Dobs. Are there any pictures you can garner from the internet that would help us better understand what exactly it is that you are aiming to accomplish, because I'm still not following what you are looking to achieve.


----------



## dobielvr (Feb 10, 2021)

Murrmurr said:


> YES! That adhesive should work. Another option is an adhesive called JB Weld. With either choice, put the glue onto something like a popsicle stick so you can apply it neatly only where you want it. The JB Weld will be grey when dry, the E600 dries relatively clear but will be visible if not applied with care.


Thanks so much Murrmurr....never heard of JB Weld till now.
So, that should work on either the metal flowers or non- metal flowers right?


----------



## Dana (Feb 10, 2021)

Aunt Marg said:


> I'm no metallurgist, Dana, but I do think you have your information wrong.
> 
> Is it possible that you are thinking of "pot metal"?
> 
> ...



You're quite right Marg you're _"no metallurgist_".  Google does not always supply the right answer. My information is correct and it might interest you to know when it comes to metallurgy, "porous" means something different. Cheers!


----------



## dobielvr (Feb 10, 2021)

Aunt Marg said:


> Dobs. Are there any pictures you can garner from the internet that would help us better understand what exactly it is that you are aiming to accomplish, because I'm still not following what you are looking to do.


Darn it...i don't think so.  It's very plain and simple.

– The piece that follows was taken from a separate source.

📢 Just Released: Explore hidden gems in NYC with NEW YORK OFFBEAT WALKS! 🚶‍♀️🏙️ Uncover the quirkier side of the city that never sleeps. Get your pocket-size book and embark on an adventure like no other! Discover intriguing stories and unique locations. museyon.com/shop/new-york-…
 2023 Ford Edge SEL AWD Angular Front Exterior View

Basic double screen, nothing on top to block the view, in the middle by the handles will be a 8" section of ivy leaves, going across, then the bottom half will have 3 rods going down it.  And then I'm planning on putting the flowers...may be 2-3 in a random pattern along the bottom, in between the 3 rods.

I hope that helps...


----------



## Aunt Marg (Feb 10, 2021)

dobielvr said:


> Darn it...i don't think so.  It's very plain and simple.
> 
> Basic double screen, nothing on top to block the view, in the middle by the handles will be a 8" section of ivy leaves, going across, then the bottom half will have 3 rods going down it.  And then I'm planning on putting the flowers...may be 2-3 in a random pattern along the bottom, in between the 3 rods.
> 
> I hope that helps...


Okay, I think I've got it.

If the smith you're having fabricate your wrought door was planning on bolting actual wrought flowers to the doo, they'll be no clanking.


----------



## dobielvr (Feb 10, 2021)

Aunt Marg said:


> Okay, I think I've got it.
> 
> If the smith you're having fabricate your wrought door was planning on bolting actual wrought flowers to the doo, they'll be no clanking.


Ok auntie...thanks.


----------



## Murrmurr (Feb 10, 2021)

dobielvr said:


> Thanks so much Murrmurr....never heard of JB Weld till now.
> So, that should work on either the metal flowers or non- metal flowers right?


JB Weld for metal, E6000 for both.


----------